Sad state of affair: the broken desktop metaphor
Even after Windows 7, the PC desktop/GUI metaphor is fundamentally exhausted and the iSlate must fix it, says Gizmodo, by extending the iPhone's multitouch, programmable interface further. Slate.com agrees, citing the usual gripe about how PCs are still too hard for mum. Therefore the iSlate can save computing by making it simple again. Just don't tell the jailbreakers.
Sad state of affair: Dull, un-innovative PCs
…Connected to the above, this view sees the iSlate as the Omega to the Mac's Alpha, the discovery of the Holy Grail of computing, the fabled 'information appliance', completing the job the Macintosh began. How? By finally delivering on Jeff Raskin's/Larry Ellison's visions: something so flexible yet simple, a baby could use it. But surely Natal/Surface have similar potential and nobody hyperventilated about those.

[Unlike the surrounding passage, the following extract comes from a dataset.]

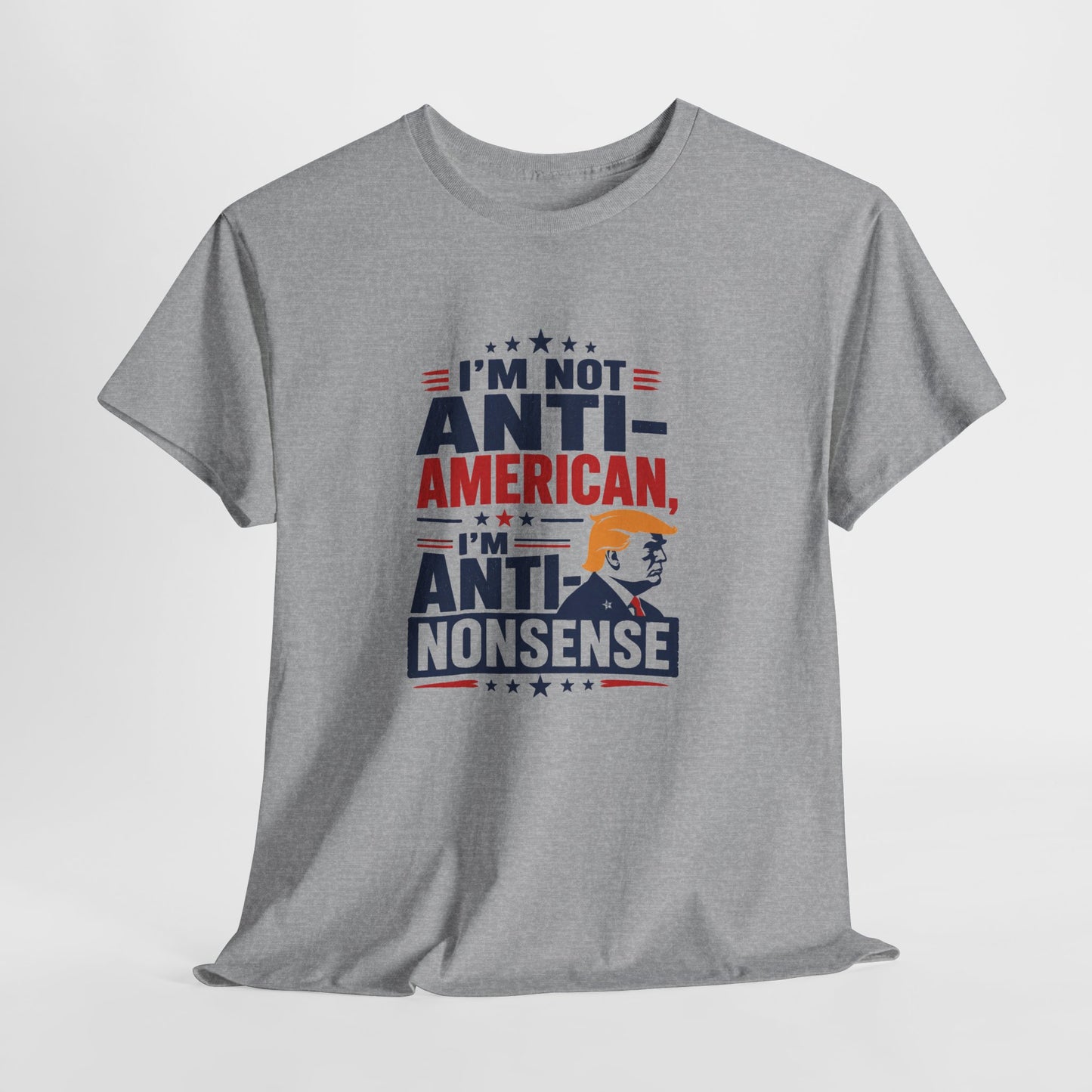 “I'm Not Anti‑American, I'm Anti‑Nonsense” Graphic T‑Shirt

Sad state of affair: the entire internet
"The silos are getting crunched together", says Newsweek. "Somewhere out there, the Orson Welles of the digital age is in grade school, or maybe high school. Soon he or she will be inventing a new language for telling stories." The iTablet will apparently be the medium that ushers in "phase two of the Internet", gushes the author.
Sad state of affair: too many separate pieces of tech
Even with phones and laptops, gadgets proliferate, with separate e-readers, movie players, netbooks, TVs - whatever. Bring them together into one device and let's be done with it, say the pundits - hard to disagree with.
Sad state of affair: our kids' rubbish education
Amazon have had real problems making Kindle work for textbooks, given how students like to annotate and highlight key passages. The wonders of the iSlate's multi touch interface can address this too, if they can get the keyboard right. And if students don't crack the DRM and share everything first.
So there you have it: a tower of hope tottering on top of one little device. Good luck with this one, Apple.